Tuesday Oct 27 2009
Late Night Jokes Delivered to your Mailbox Daily!
The Tonight Show with Jay Leno
Those two pilots that sped 150 miles past their Minneapolis destination have been suspended. They got suspended because they were looking at their laptops instead of flying the plane. Think about this — everybody else on the plane has to turn off their laptops except for the people flying the plane.
In a speech in Canada, former President George W. Bush said he was proud that while he was in office he "didn't sell his soul," which is true. He rented it to Dick Cheney, who then sublet it to Halliburton.
Police in Dallas stand accused of giving traffic tickets to motorists who did not speak English. Isn't that awful? If we did that in California we could balance the state budget in a week.
In South Korea, a scientist considered to be one of the pioneers in the field of cloning has been sentenced to two years in prison. At least, they think it's him . . .
Yesterday, President George W. Bush made his debut as a motivational speaker. Afterwards, Bush said the crowd was so motivated many of them left halfway through.
The latest on those two Northwest Airline pilots who flew 150 miles past their landing site is that they weren’t napping, they were using their laptops. Passengers knew they were in trouble when they heard, "Good afternoon. This is your captain tweeting . . ."
Due to the bad economy, all the McDonalds in Iceland are closing. Which is terrible news for fans of the “Salted McHerring.”
Late Show with David Letterman
They say President Barack Obama is playing a lot of golf. He’s played more golf in his few months in office than George Bush played in his eight years. To be fair, Bush played more mini golf.
It’s no secret: If you’re president of the United States the pressure is incredible. You gotta take a break. You gotta go play golf; you gotta go out jogging; you gotta shoot a hunting buddy in the face . . .

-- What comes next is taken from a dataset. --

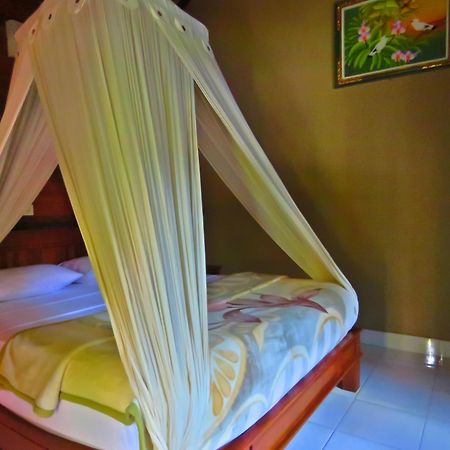 Suka Sari Cottages Pemuteran Esterno foto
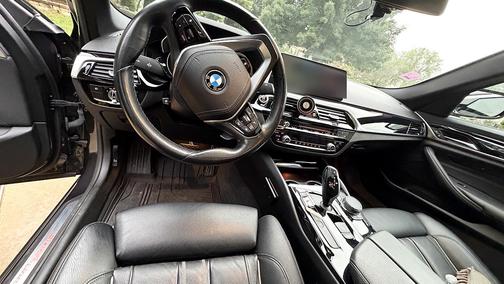 Gray 2018 BMW 540 i xDrive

Former Gov. of Alaska Sarah Palin will be on the ”Oprah Winfrey Show.” Coincidently, John McCain will be on “Dr. Oz” getting a colonoscopy.
Sarah Palin is promoting her new book “Going Rogue.” Because she really was out there . . .
Late Show Top Ten
Top Ten Signs You Are Watching A Bad Ghost Movie
Instead of ghosts, house haunted by goats
The only "Boo!" you hear is the audience yelling at the screen
Main characters spend bulk of movie in bed with swine flu
Directed by M. Night Shyamalan's brother, Larry Night Shyamalan
Ghost torments people by making delicious paella and not sharing it
Creature absent from film for 80 minutes while working on his laptop
Creepy sounds turn out to be improperly loaded dishwasher
Ghost haunts people for attention so it can get a reality show deal
Scariest thing is the size of the large soda they sell at the snack counter
Evil spirit does all of its haunting via Twitter
The Late Late Show with Craig Ferguson
It’s Navy Day. The U.S. Navy was founded by John Paul Jones. He deserted the British Merchant Marine because he was disgusted by slavery, and he founded the American Navy. Then, he went on to even greater fame playing the bass guitar for Led Zeppelin.
Historians say the Americans might have lost the war at the Battle of Yorktown if he hadn’t played a 20-minute bass solo.
The British heard the solo and said, “All right — you can keep the country.”
Jimmy Kimmel Live!
The movie “Paranormal Activity” brought in $21 million over the weekend — amazing since it only cost $35 to make.
They said it cost 15 grand to make. I don’t think they should charge the same ticket price for a movie that cost less than a Korean automobile.
The guy who made it shot the whole movie in his house using his friends as actors. He couldn’t afford special effects so he actually had to kill his friends at the end of the movie.
Yesterday was the 25th anniversary of the move “Terminator.” “Terminator” was the movie we liked so much we elected it governor.
Late Night with Jimmy Fallon
The University of Chicago wants to house the Barack Obama Presidential Library. It will be just like George W. Bush’s library, except it will have books.
Bush gave a motivational speech in Florida yesterday. He spoke for a half-hour and said he hoped his words were “inspirationistic.”
Bush is really good at motivating — last year he motivated everyone to vote for Obama.